Start of Data section

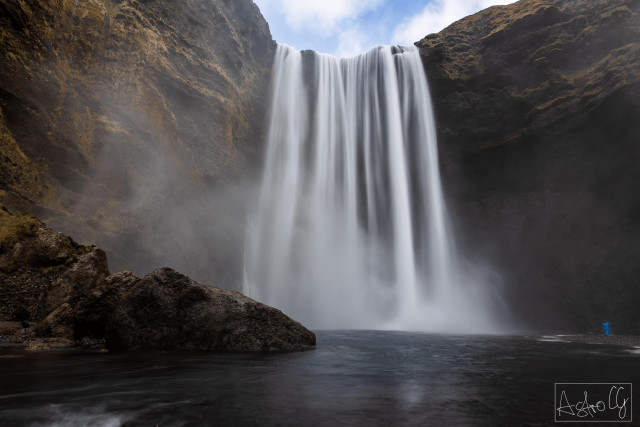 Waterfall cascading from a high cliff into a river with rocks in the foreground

End of Data section
Start of Data section

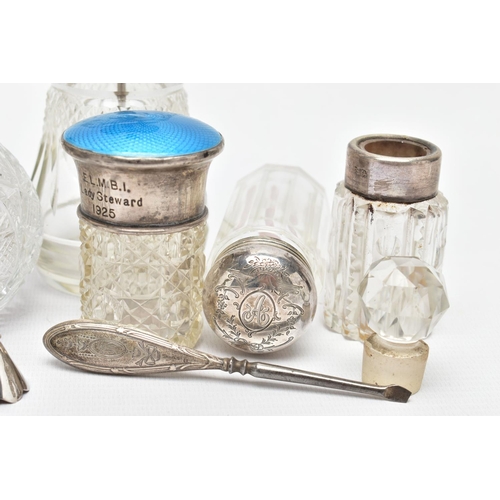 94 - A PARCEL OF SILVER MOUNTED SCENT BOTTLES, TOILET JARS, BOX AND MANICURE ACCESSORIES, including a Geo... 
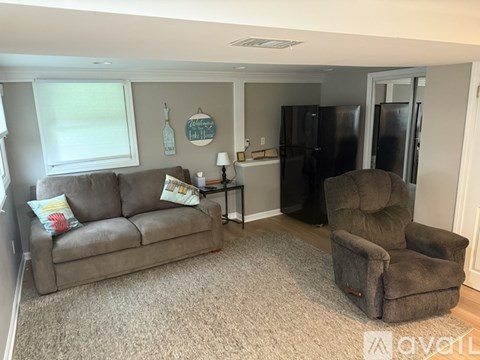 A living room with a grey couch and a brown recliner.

End of Data section

Problem requirements: Both the line containing "94 - A PARCEL" and the line containing "A living room" above belong in the output, as do the lines between them. Print them exactly, without pictures.

Answer:
 94 - A PARCEL OF SILVER MOUNTED SCENT BOTTLES, TOILET JARS, BOX AND MANICURE ACCESSORIES, including a Geo... 
 A living room with a grey couch and a brown recliner.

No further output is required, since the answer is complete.